What is this course about?
Data analysis is a central activity for scientific research and is increasingly a critical part of decision making in government and business. However, producing reliable data analysis outcomes is challenging since the decisions made throughout the analysis process can dramatically affect the eventual outcome. This Data Science Capstone focuses on the complete end-to-end process of data analysis performed with code: the iterative, and often exploratory, steps that analysts go through to turn data into results. Our focus is not limited to statistical modeling or machine learning, but rather the complete process, including transformation, exploration, modeling, and evaluation choices.

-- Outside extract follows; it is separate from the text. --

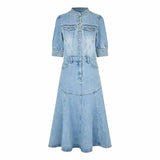 DEA KUDIBAL SelenaDEA denim kjole - Light Blue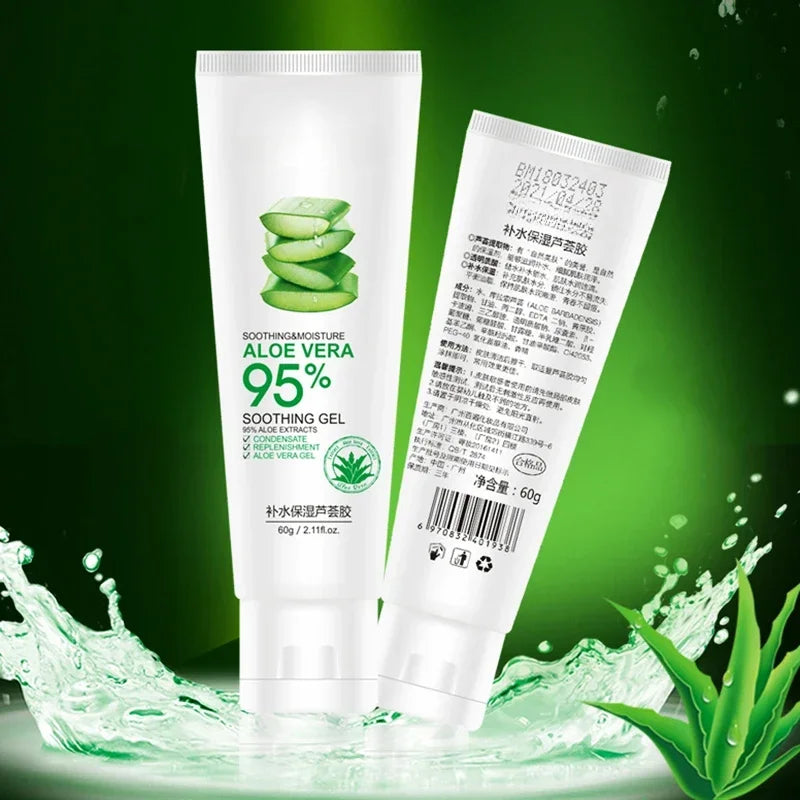 "Pure Aloe Vera Gel for Sunburn Relief – 95% Organic"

Students will work in groups of four on a single project that will tie together and apply previous experiences from CSE 312, 332, 446, 442, 344, and other classes. Students are expected to already possess knowledge of appropriate machine learning, visualization and database methods, and will focus on independently applying those methods in the context of your project. There will therefore be limited lecture material in this course. Course staff will instead work closely with students to critique and advise on their group project. Students will experience the end-to-end data analysis process from transformation and exploration of data to modeling and evaluation. Your group will brainstorm on a project during the first week, before collaboratively exploring the data and implementing a complete data analysis workflow. This capstone course gives hands-on experience with selecting a data science question, and with crafting and evaluating a data science process to answer that question.
Students should have completed CSE 332 and CSE 312, and at least one of CSE 446, CSE 442, or CSE 344. There are no other requirements for participating in this capstone class.